Título: Bom senso mais do que nunca
Autor: Antonio Ermírio de Moraes
Fonte: Jornal do Brasil, 12/03/2006, Outras Opiniões, p. A11

O vice-presidente dos Estados Unidos, Richard B. Cheney, disse que sérias conseqüências poderão advir para o Irã, caso aquele país insista em acelerar seu plano de pesquisas na área nuclear. Ao mesmo tempo, o presidente George W. Bush ofereceu à Índia amplas facilidades para aquisição de tecnologia avançada nesse terreno. Como explicar a estratégia de dois pesos e duas medidas? É verdade que o Irã representa um grande perigo ao querer avançar no enriquecimento do urânio, o que no futuro poderá viabilizar a bomba atômica. Por isso, a Agência Internacional de Energia Atômica (AIEA) aprovou, na última quarta-feira, o envio do caso ao Conselho de Segurança da ONU que, após avaliação, poderá impor sanções econômicas e militares ao Irã. Afinal, aquele país não assinou o Tratado de Não-Proliferação Nuclear, o que se choca com o compromisso de transparência dos países que fazem pesquisas nucleares.

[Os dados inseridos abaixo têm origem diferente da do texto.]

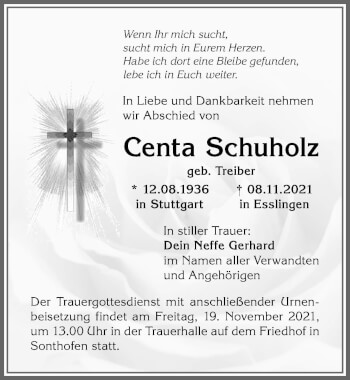 Traueranzeige von Centa Schuholz von Allgäuer Anzeigeblatt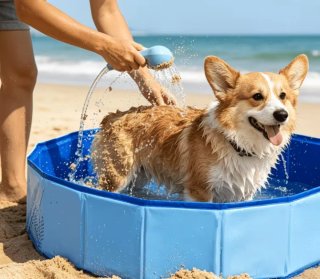 Piscina plegable para perros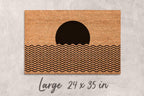 Midcentury Boho Doormat: Natural Coir, Minimalist Welcome Mat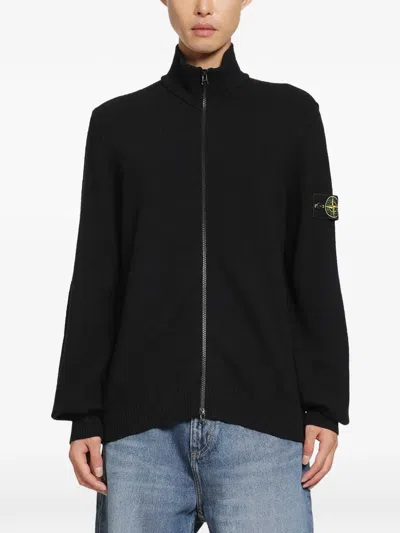 Stone Island Logo-patch Zip-up Cardigan In Black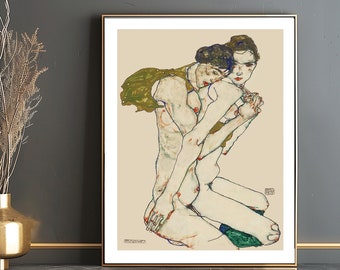 Egon Schiele Friendship Fine Art Print: expressionistische liefhebbers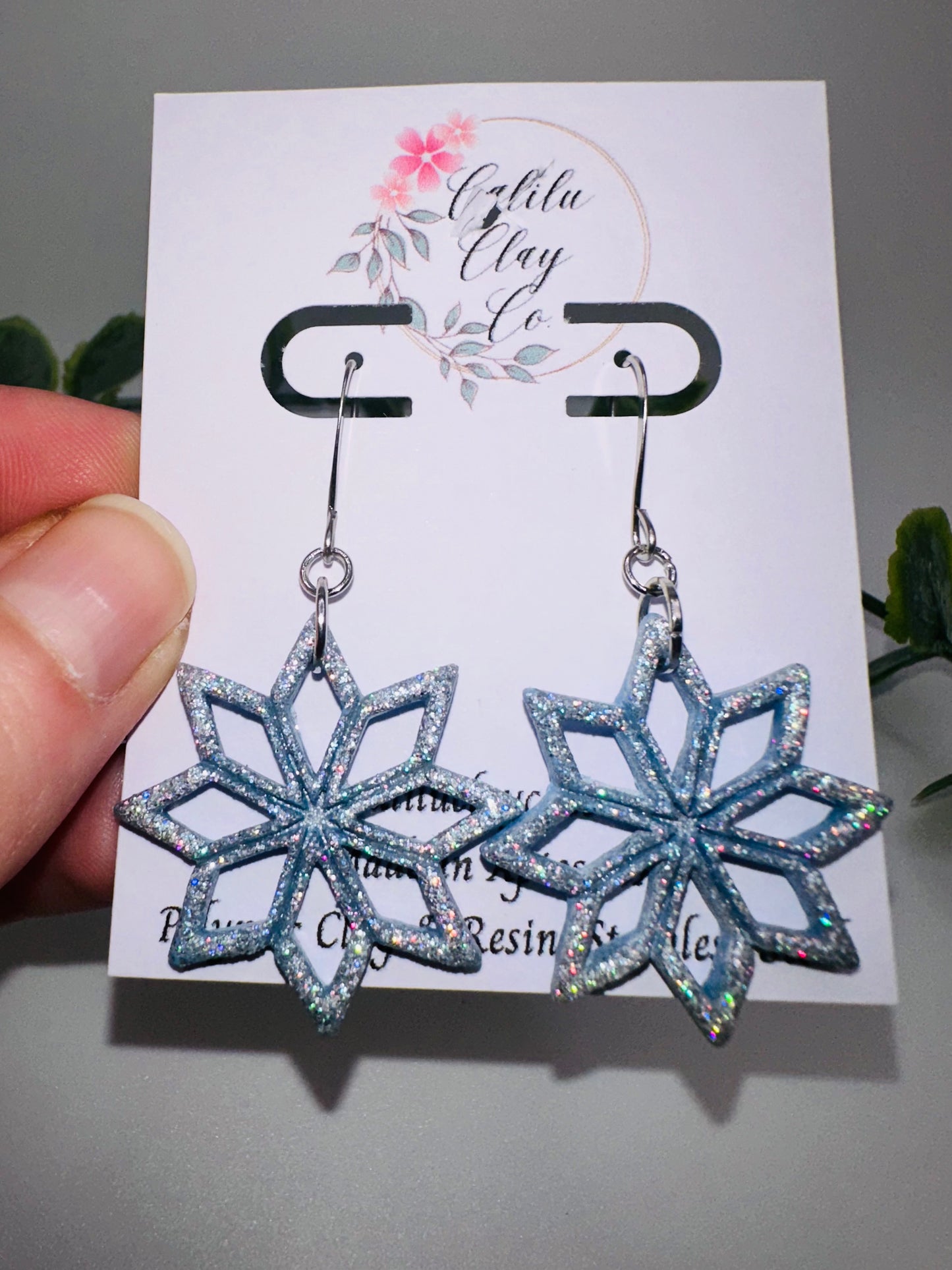 Silver/Blue Holographic Pointy Snowflake Dangles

Ocorre que a Índia também não assinou o referido tratado, com o agravante de possuir bombas atômicas testadas e aprovadas desde 1974. Ao contrariar a transparência demandada por aquela agência, tecnicamente, a Índia não poderia ser admitida no clube das potências nucleares.

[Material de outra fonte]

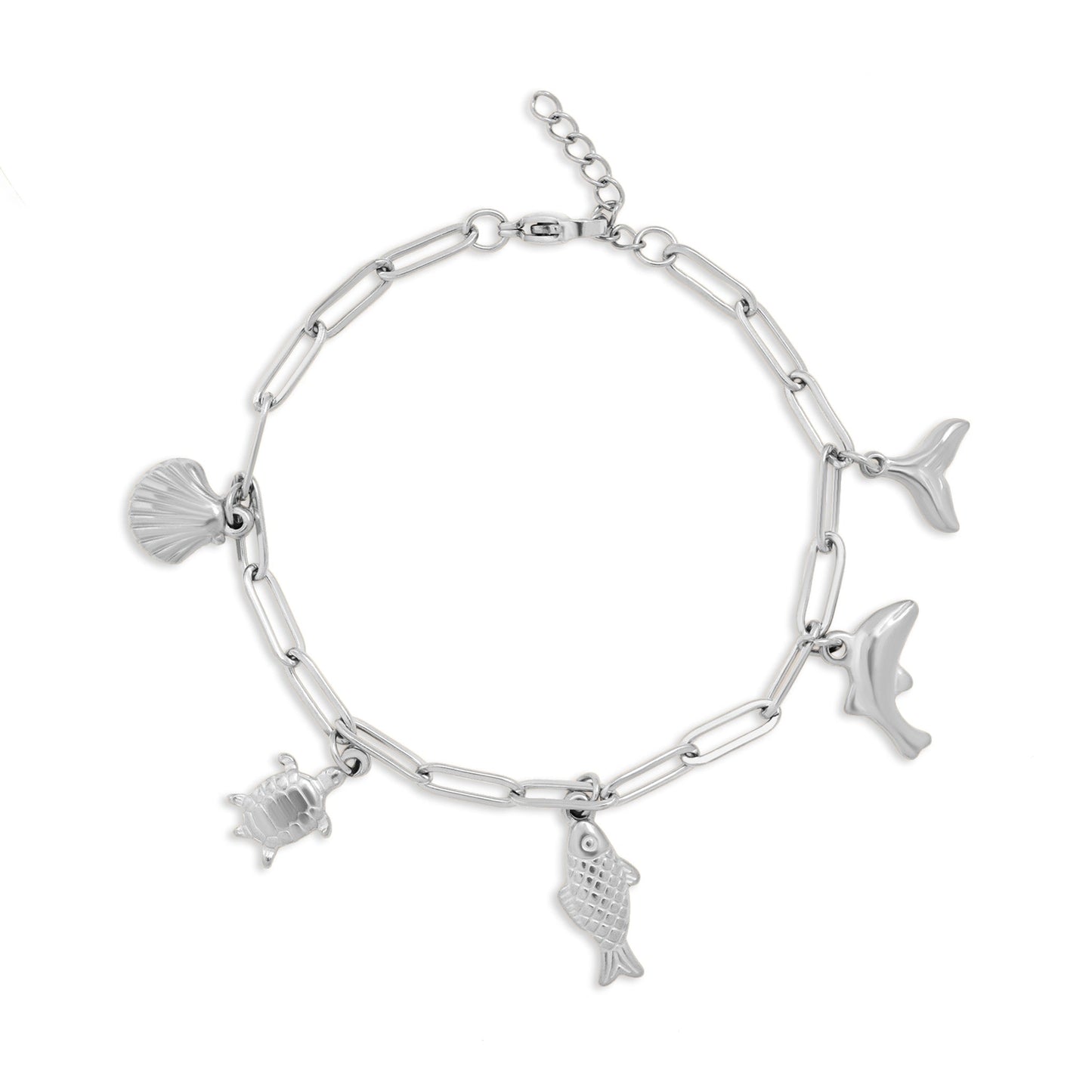 Silver bracelet with various sea creature charms on a white background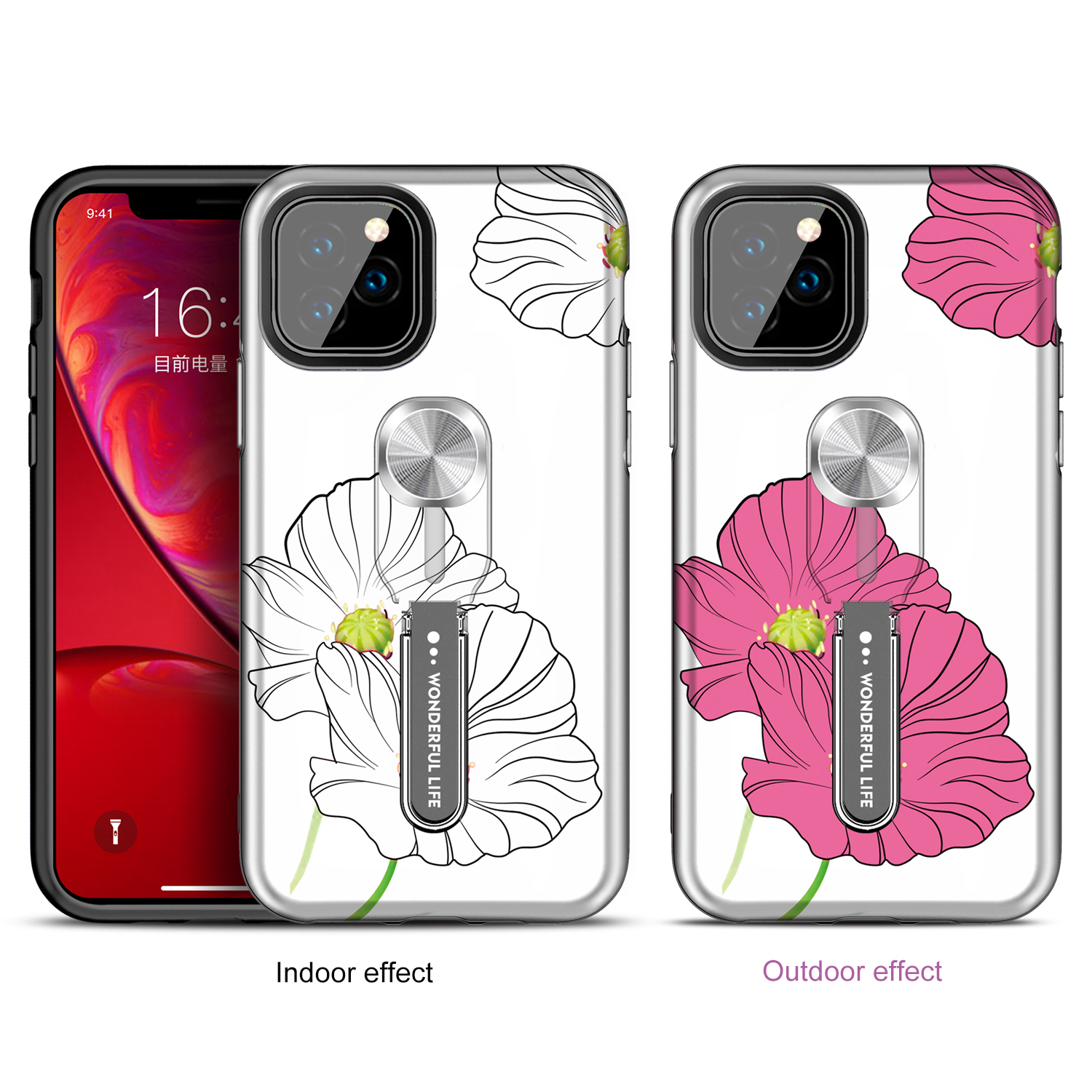 Color-changing Flower Pattern Phone Case with Finger Ring for iPhone (2019) 6.1-inch - Red Flower-1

Quem não gostou da ''generosidade'' de George W. Bush foi a China, que também possui bombas atômicas permanentemente preparadas para entrar em ação. Aliás, o país acaba de aprovar um aumento de 15% no seu orçamento de defesa, o que deve ter precipitado a oferta de Bush.

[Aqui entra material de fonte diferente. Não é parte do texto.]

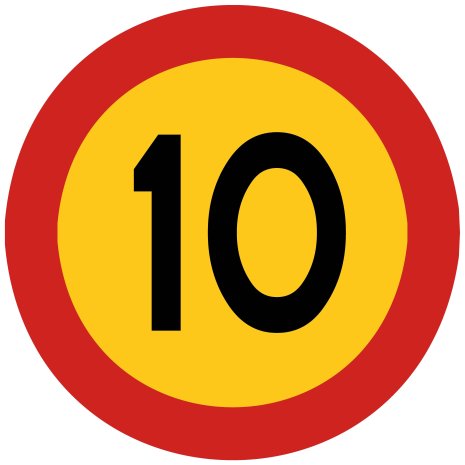 Hastighetsbegränsning 10 kmh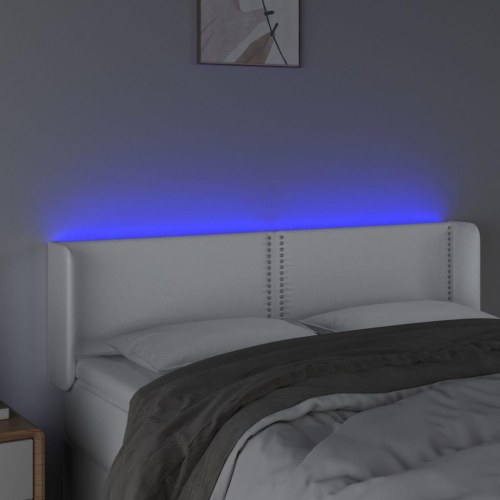 Sengegavl med LED-lys 147x16x78/88 cm kunstlæder hvid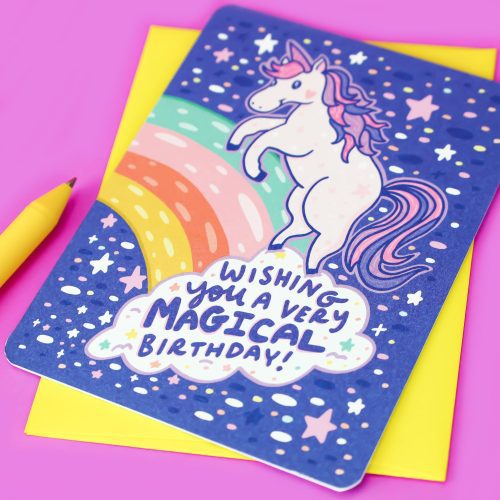 Magical Unicorn Birthday Card Stars Rainbows Pastel Turtles Soup Stationery Girls Cute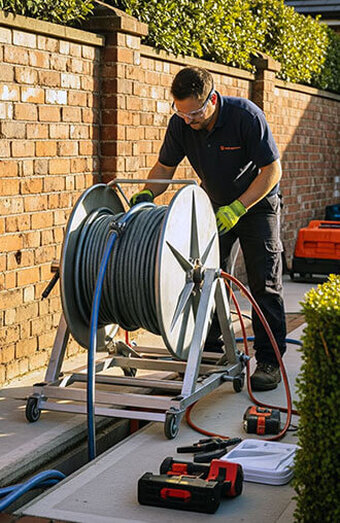 Plumber Operating Cable Reel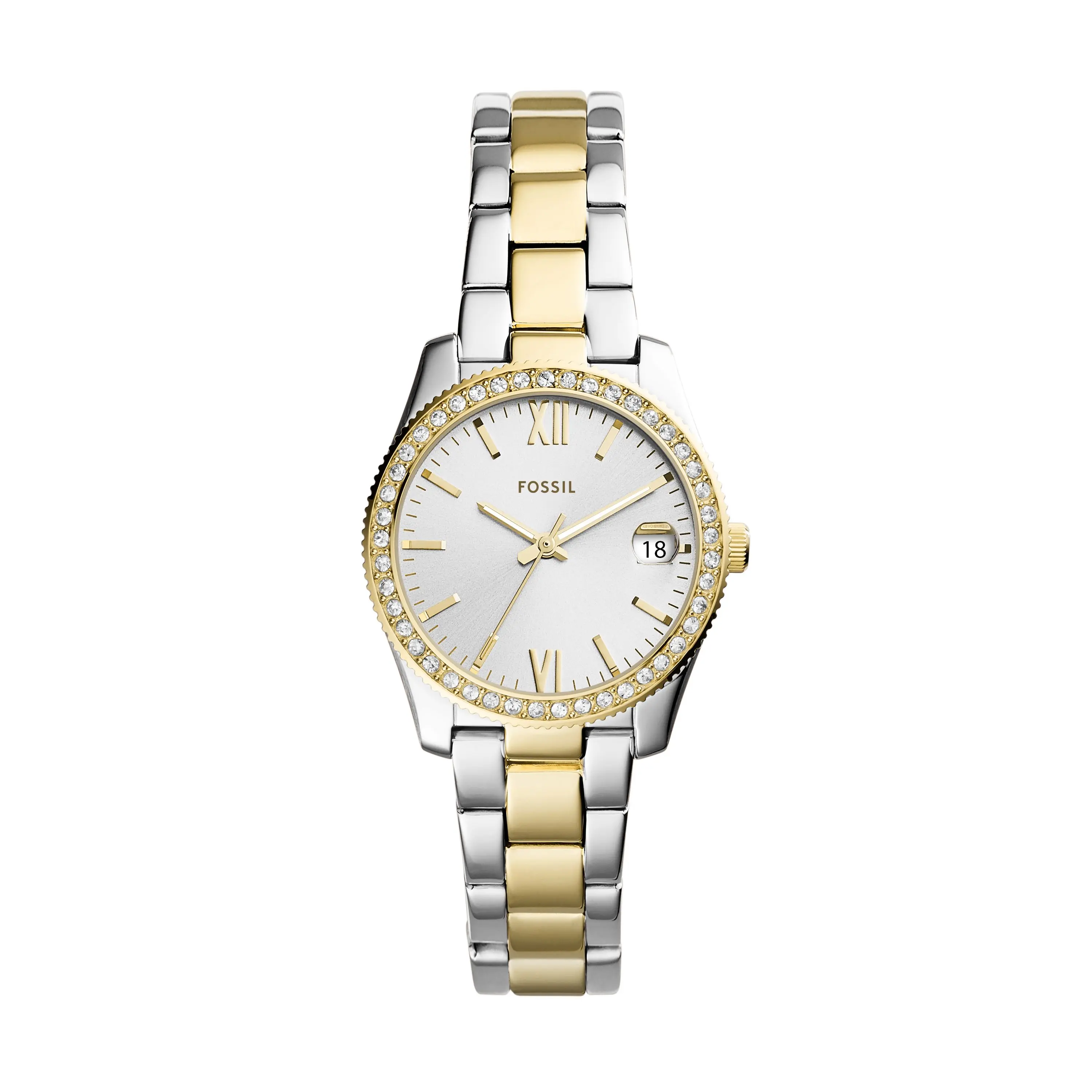 Fossil Women's Scarlette 33mm Three-Hand Date, Two-Tone Stainless Steel Watch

Em outras palavras, os Estados Unidos e demais nações desenvolvidas querem neutralizar a hegemonia bélica da China, Índia e Paquistão, que possuem perigosos artefatos nucleares.

O que faz sentido para a política de segurança na Ásia tornou-se um verdadeiro convite ao Irã. Com isso, os iranianos passaram a acelerar ainda mais o enriquecimento de urânio e usar o petróleo como contra-golpe a uma eventual tentativa da ONU de barrar seus planos.

Vejam o imbróglio que foi criado. A Índia e o Irã se mantêm resistentes ao Tratado de Não-Proliferação. Para complicar, o envio do caso à ONU instigou um clima de confrontação entre o Irã e os países avançados. Tanto que, na noite de quarta-feira, ao saber da decisão da AIEA, o governo iraniano anunciou que ''o ocidente amargará danos e dor se seus planos foram impedidos''.

Em suma, o equilíbrio nuclear foi colocado em xeque. Mesmo reconhecendo a dimensão estratégica do acerto entre Estados Unidos e Índia para todo o Ocidente - uma vez que o perigo chinês é uma realidade - o acordo foi, no mínimo, ousado.

Ninguém podia imaginar que o século 21 seria aberto com tanta intranqüilidade. Daqui para frente é contar com o bom senso dos governantes para evitar uma catástrofe mundial.